Description of the task -> Keep the pictures out while you transcribe the listing below exactly.
□ □ □
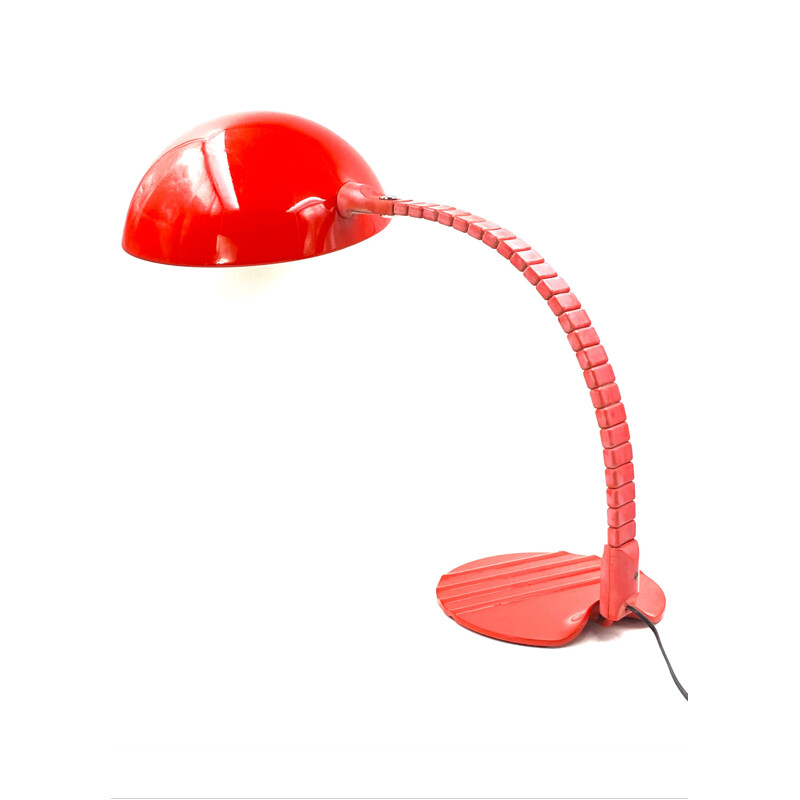 Vintage bright red table lamp by Elio Martinelli for Martinelli Luce, Italy 1972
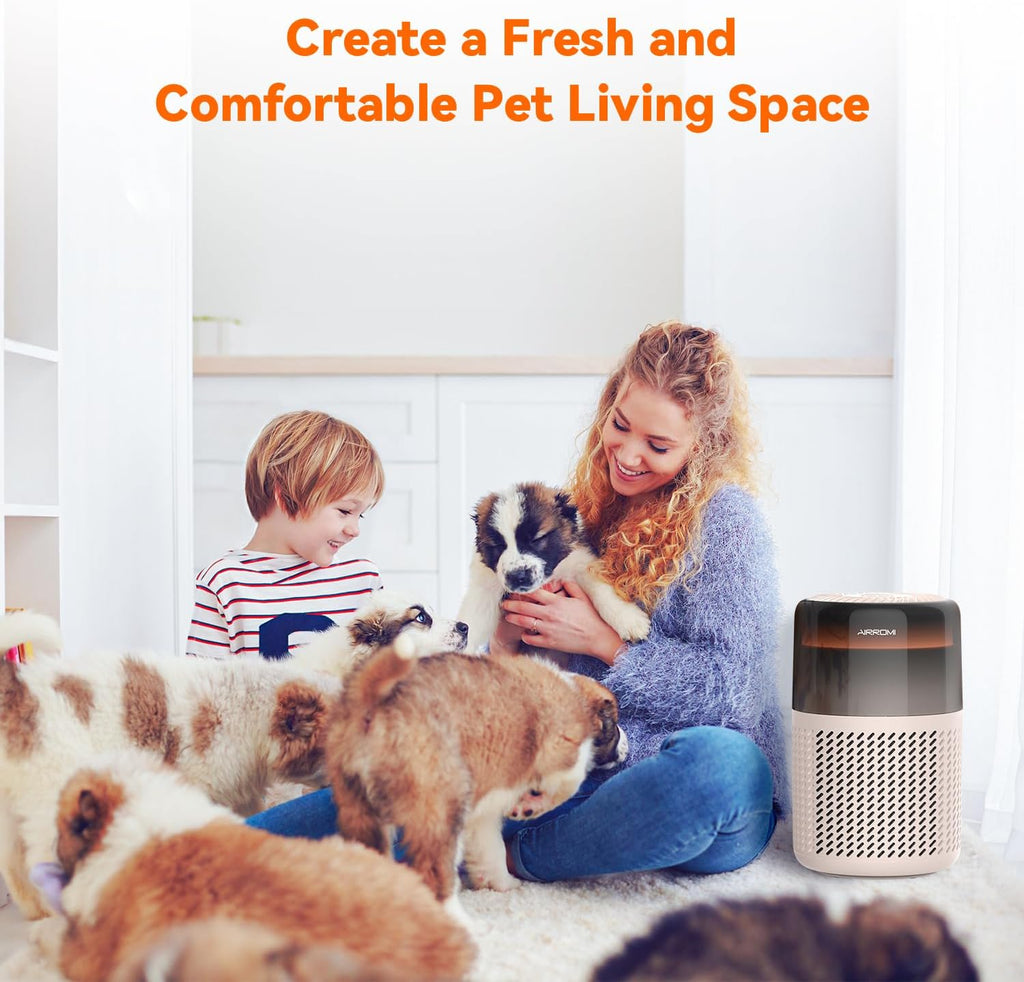 AIRROMI Air Purifier for Bedroom Home,HEPA Filter,Covers Upto 549 Ft²,Quiet 360°intake Air Cleaner with Fragrance ponge for Better Sleep,Night Light,Filters Smoke,Pet Dander,Allergies,Dust,A2005 Beige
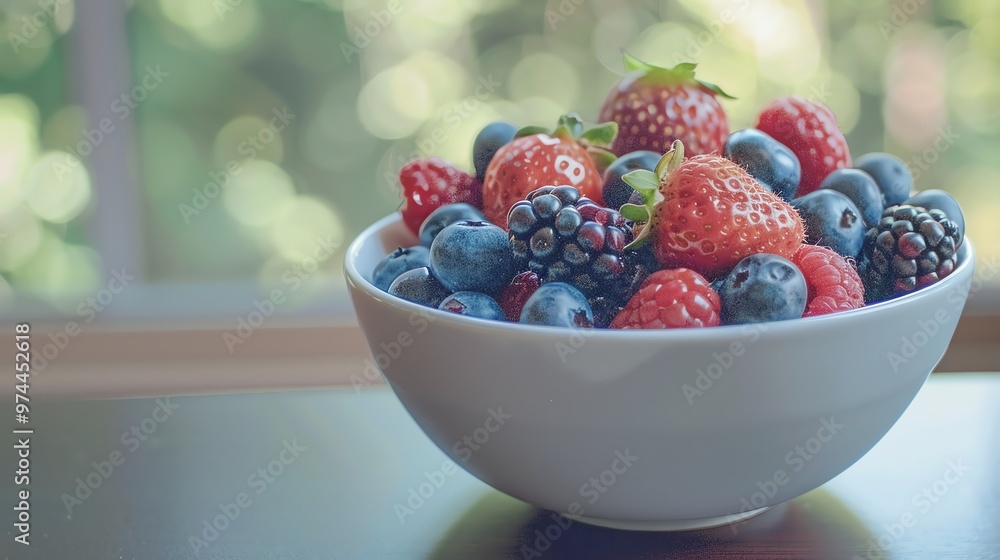 Wall mural a bowl of fresh berries with a blurry background.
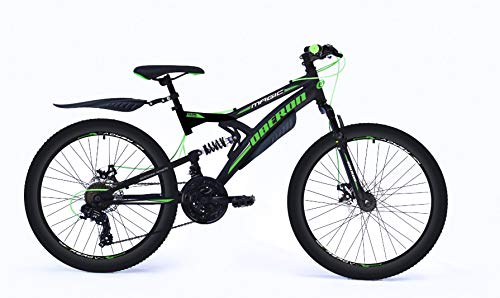 20 Zoll Kinder Jungen Mädchen Jungenfahrrad Fahrrad Kinderfahrrad Mountainbike MTB Rad Bike Vollfederung Fully 6 Shimano Gang Scheibenbremse Mechanisch Oberon Schwarz Grün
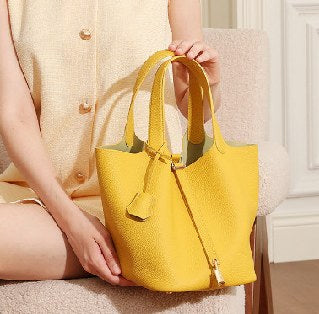 Top-Grain Cowhide Bucket Bag, Style 3120 in yellow, pink, cream white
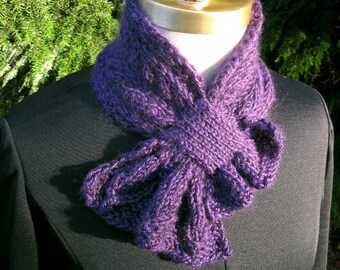 Purple Scarflette with Leafy Frill hand knitted soft warm feminine pass-through scarf keyhole scarf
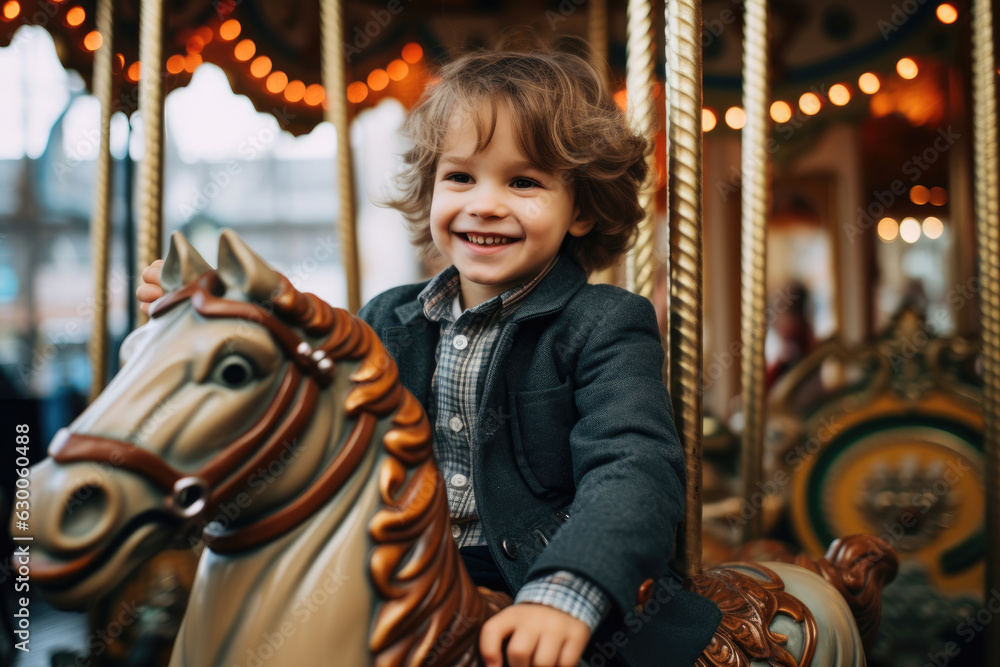 The kid is sitting on a carousel in an amusement park
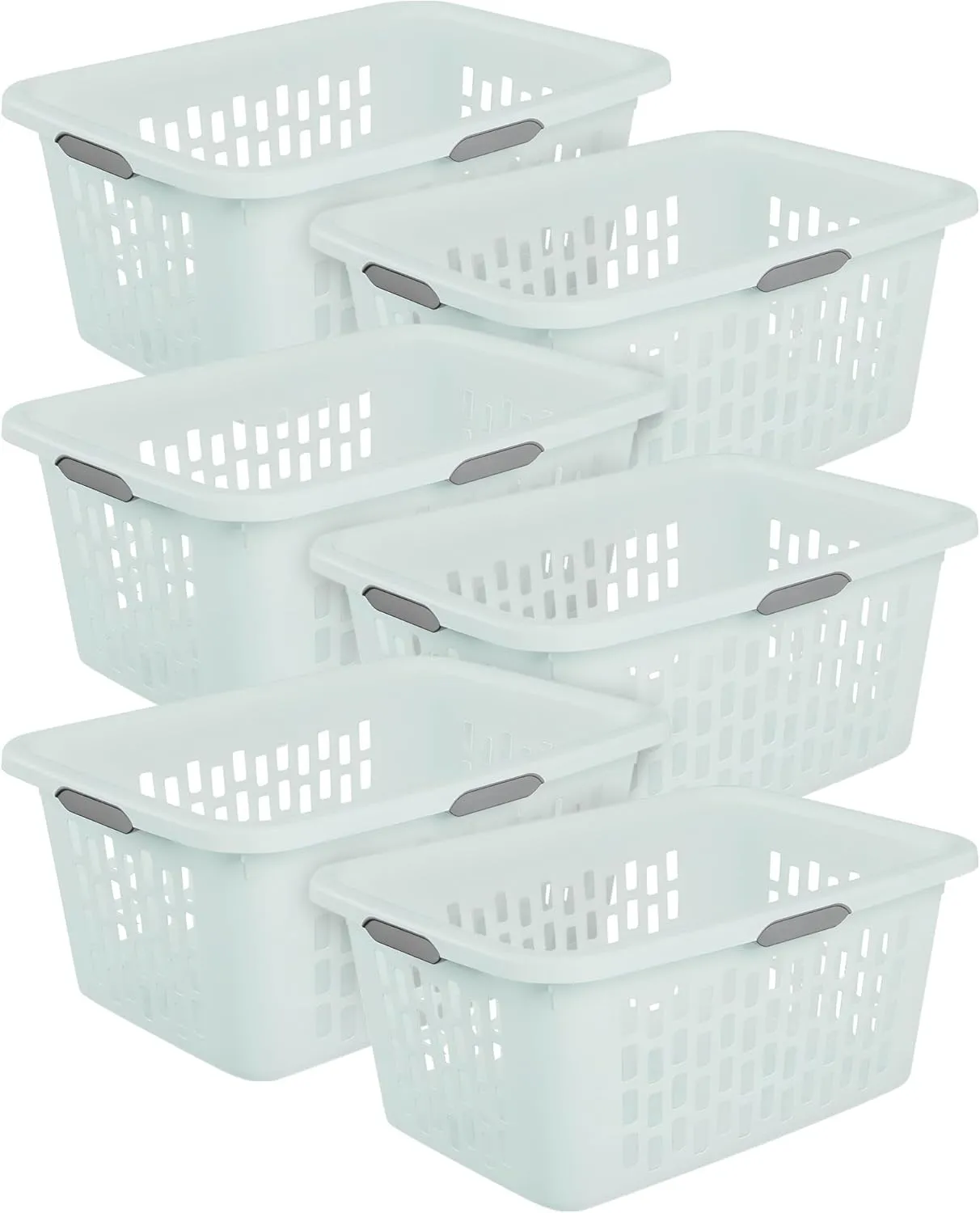 Sterilite Laundry Basket, Plastic Clothes Hamper, Large Rectangle Bin with Comfort Grip Handles and Reinforced Rim, 2 Bushel Capacity, Mint, 6 Pack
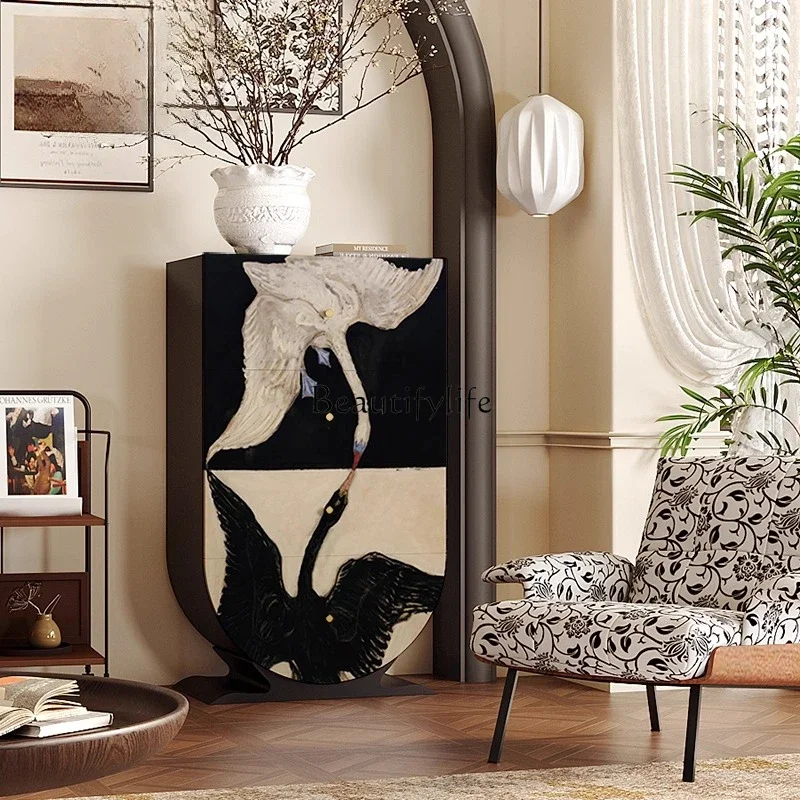 

PG46French antique style living room against the wall side cabinet storage integrated four chest cabinet
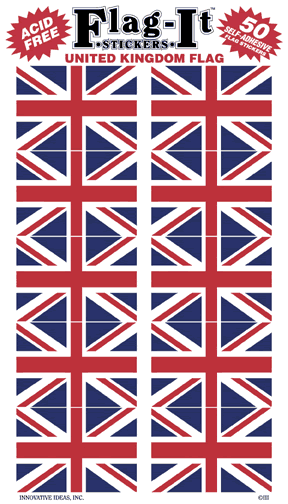 STORBRITANNIEN STICKERS I PAPPER 50ST 38X25MM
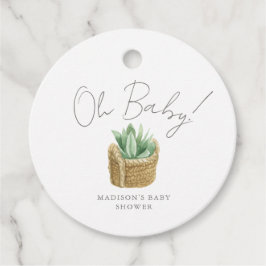 Oh Baby Simple Succulent Baby shower Bedankjes Labels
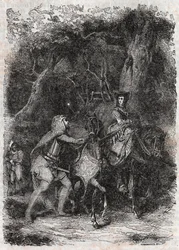 Hipalca arrestada por Rodomonte - grabado de 1851 de “Roland Furioso” (Orlando furioso) (siglo XVI) de Ludovico Ariosto, conocido como el Ariosto - Edición traducida del italiano por el Conde de Tressan y publicada por Gustave Harvard.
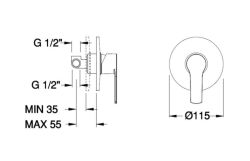 Bateria prysznicowa podtynkowa Frisone Sprint SP 00015 rysunek techniczny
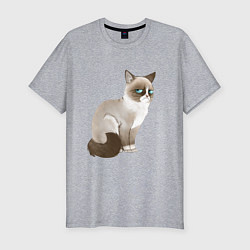 Футболка slim-fit Grumpy Cat, цвет: меланж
□ □ □
Problem solution ->
 Vintage bright red table lamp by Elio Martinelli for Martinelli Luce, Italy 1972
 AIRROMI Air Purifier for Bedroom Home,HEPA Filter,Covers Upto 549 Ft²,Quiet 360°intake Air Cleaner with Fragrance ponge for Better Sleep,Night Light,Filters Smoke,Pet Dander,Allergies,Dust,A2005 Beige
 Wall mural a bowl of fresh berries with a blurry background.
 20 Zoll Kinder Jungen Mädchen Jungenfahrrad Fahrrad Kinderfahrrad Mountainbike MTB Rad Bike Vollfederung Fully 6 Shimano Gang Scheibenbremse Mechanisch Oberon Schwarz Grün
 Top-Grain Cowhide Bucket Bag, Style 3120 in yellow, pink, cream white
 Purple Scarflette with Leafy Frill hand knitted soft warm feminine pass-through scarf keyhole scarf
 The kid is sitting on a carousel in an amusement park
 Sterilite Laundry Basket, Plastic Clothes Hamper, Large Rectangle Bin with Comfort Grip Handles and Reinforced Rim, 2 Bushel Capacity, Mint, 6 Pack

PG46French antique style living room against the wall side cabinet storage integrated four chest cabinet
 STORBRITANNIEN STICKERS I PAPPER 50ST 38X25MM
 Oh Baby Simple Succulent Baby shower Bedankjes Labels
 Hipalca arrestada por Rodomonte - grabado de 1851 de “Roland Furioso” (Orlando furioso) (siglo XVI) de Ludovico Ariosto, conocido como el Ariosto - Edición traducida del italiano por el Conde de Tressan y publicada por Gustave Harvard.
 Bateria prysznicowa podtynkowa Frisone Sprint SP 00015 rysunek techniczny
 Футболка slim-fit Grumpy Cat, цвет: меланж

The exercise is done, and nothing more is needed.